Am 5. Juli 1989 wurde das Einfamilienhaus der Kläger zu 1) und 2) zwangsversteigert. Weil die Kläger bis zum Ende der Räumungsfrist eine andere Wohnung nicht gefunden hatten, wies sie das Amt für öffentliche Ordnung der Beklagten bis zum 30. September 1989 in ihr zwangsversteigertes Gebäude wieder ein.
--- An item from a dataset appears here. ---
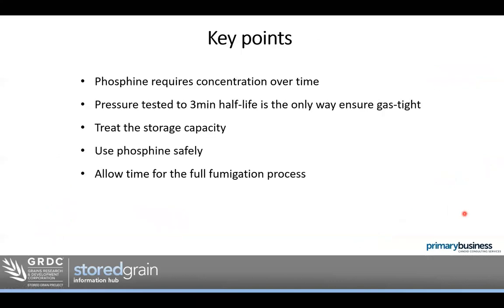Key points to finish up: phosphine requires concentration over time. Pressure testing to a three-minute half-life is the only way to ensure gas-tight storage — believing what a manufacturer says about a 'fumigatable silo' isn't enough; the only real way to know is to do a pressure test. Treat the storage capacity, use phosphine safely — it's a very useful, cost-effective gas. We need to use it safely to make sure it's still available. The last thing we want is someone having an accident and the rest of the industry losing access to phosphine. It's up to each of us to use it safely and allow time for the full fumigation process — it can't be done any shorter than the flowchart we went through.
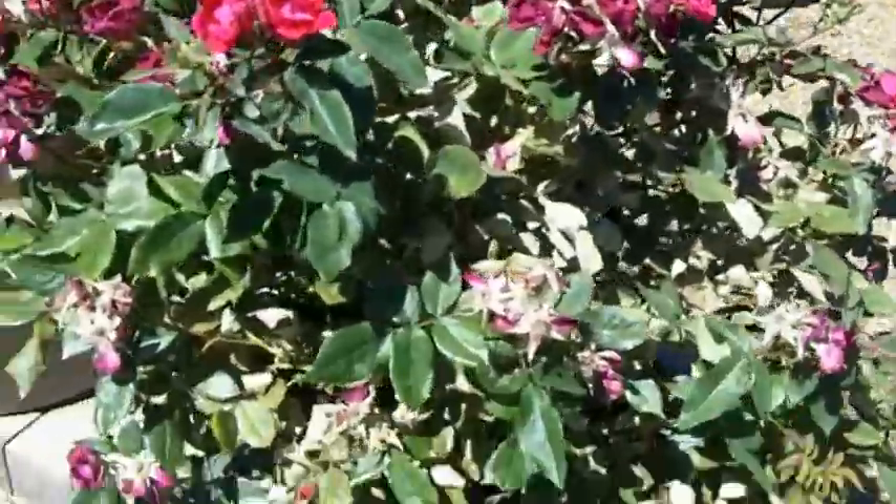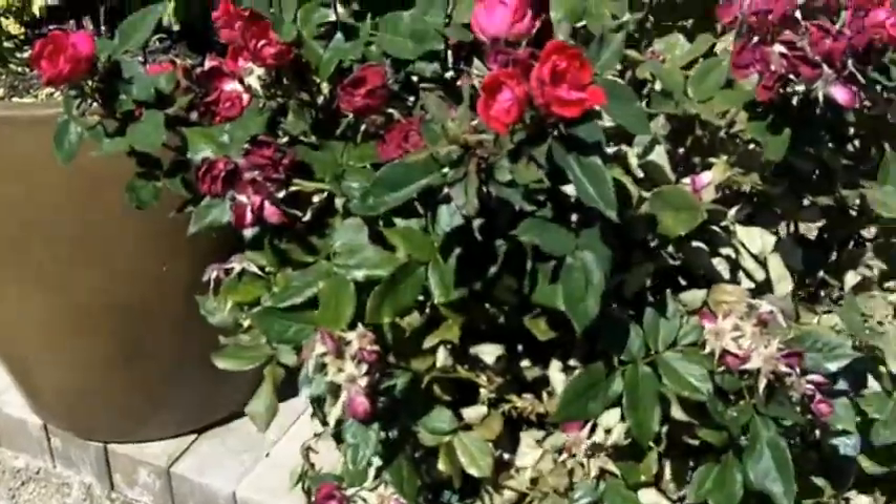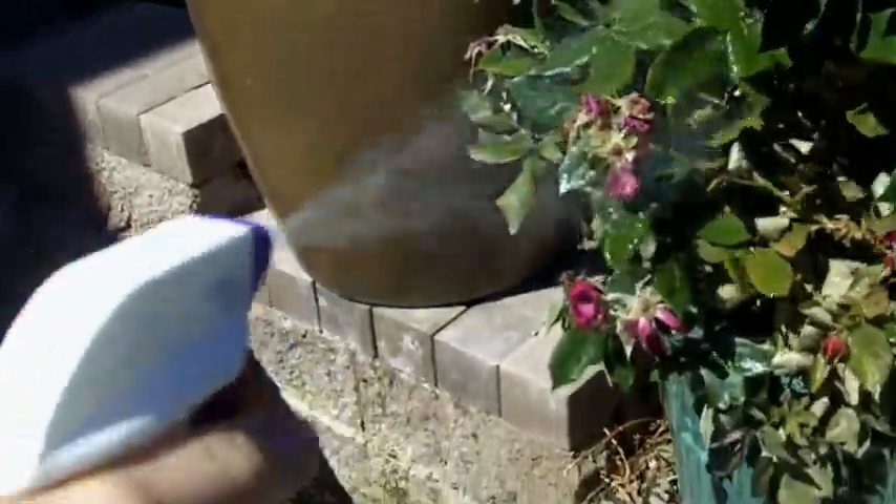Now what you do with this is you spray it with Captain Jack's Dead Bug Brew. Let me see if I have any of that — I do. Here you go, let me show you the label. Captain Jack's Dead Bug Brew. Very inexpensive, maybe under 15 bucks.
Am 2. Oktober 1989 setzte es sie in ein Hotel um; dort lebten die Kläger bis zum 4. Februar 1990.

3

Mit bestandskräftigem Bescheid vom 8. März 1990 zog die Beklagte (Amt für öffentliche Ordnung) den Kläger zu 1) zum Ersatz von Kosten in Höhe von insgesamt 19.648,80 DM heran.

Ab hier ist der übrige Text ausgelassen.